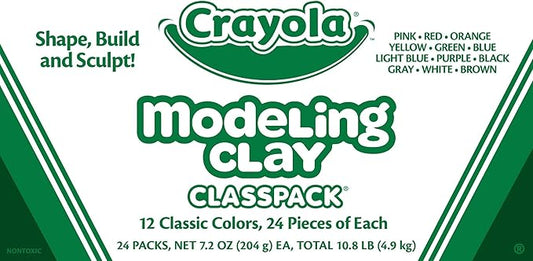Crayola Modeling Clay Classpack (24 Packs), Bulk Modeling Clay for Kids, 12 Colors, Nontoxic, Classroom Supplies for Kids Arts & Crafts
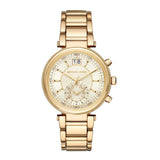 Buy Shop Michael Kors Sawyer White Dial Gold Steel Strap Watch for Women - MK6362 USA Online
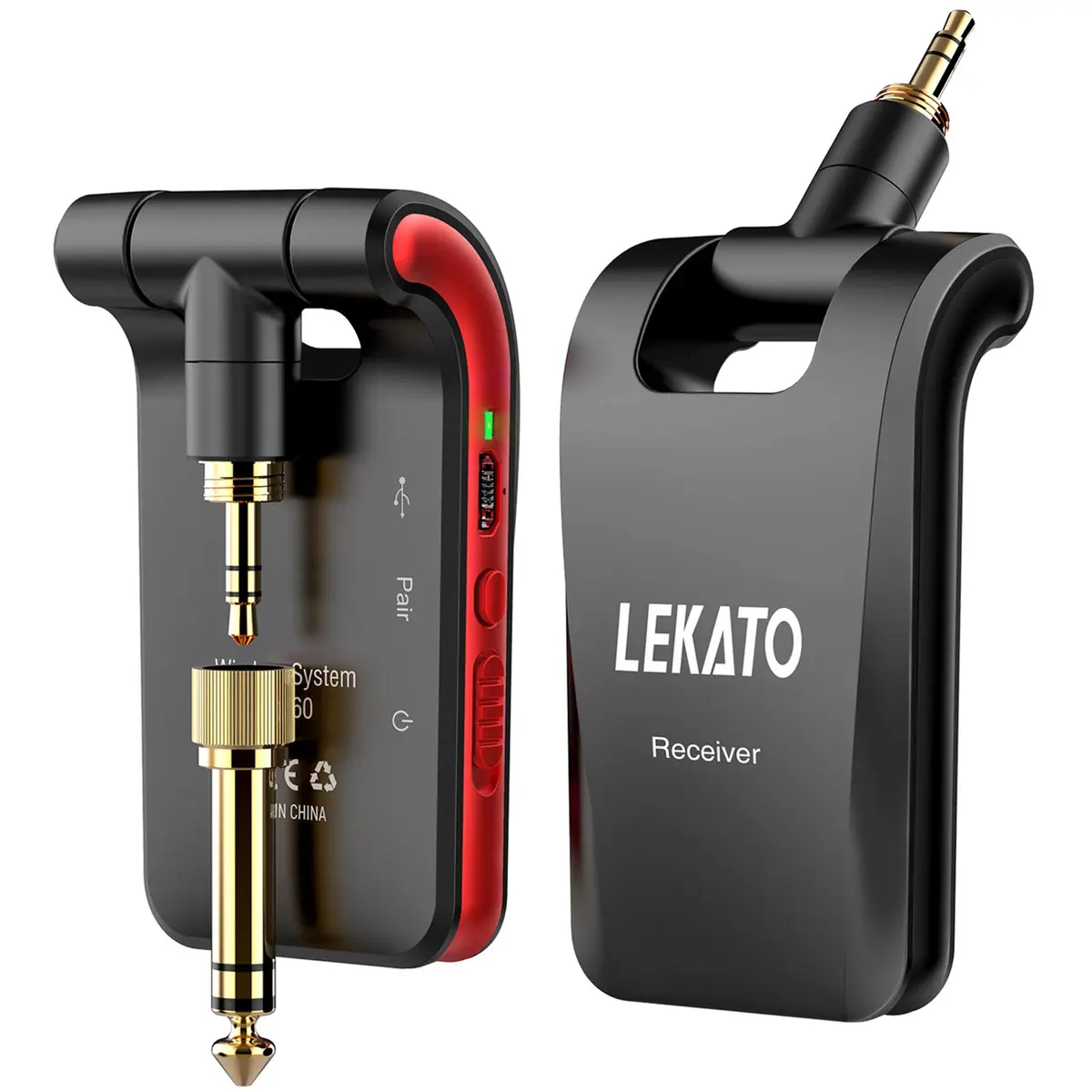 LEKATO WS-60 Wireless Guitar System 2.4GHz Rechargeable Transmitter Receiver | 6 Channels Stereo Mono 1/4” & 1/8” Plugs - main product image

ASSIGNMENT: Leaving every picture aside, repeat the listing exactly.

WORKED SOLUTION:
Crayola Modeling Clay Classpack (24 Packs), Bulk Modeling Clay for Kids, 12 Colors, Nontoxic, Classroom Supplies for Kids Arts & Crafts
 Buy Shop Michael Kors Sawyer White Dial Gold Steel Strap Watch for Women - MK6362 USA Online
 LEKATO WS-60 Wireless Guitar System 2.4GHz Rechargeable Transmitter Receiver | 6 Channels Stereo Mono 1/4” & 1/8” Plugs - main product image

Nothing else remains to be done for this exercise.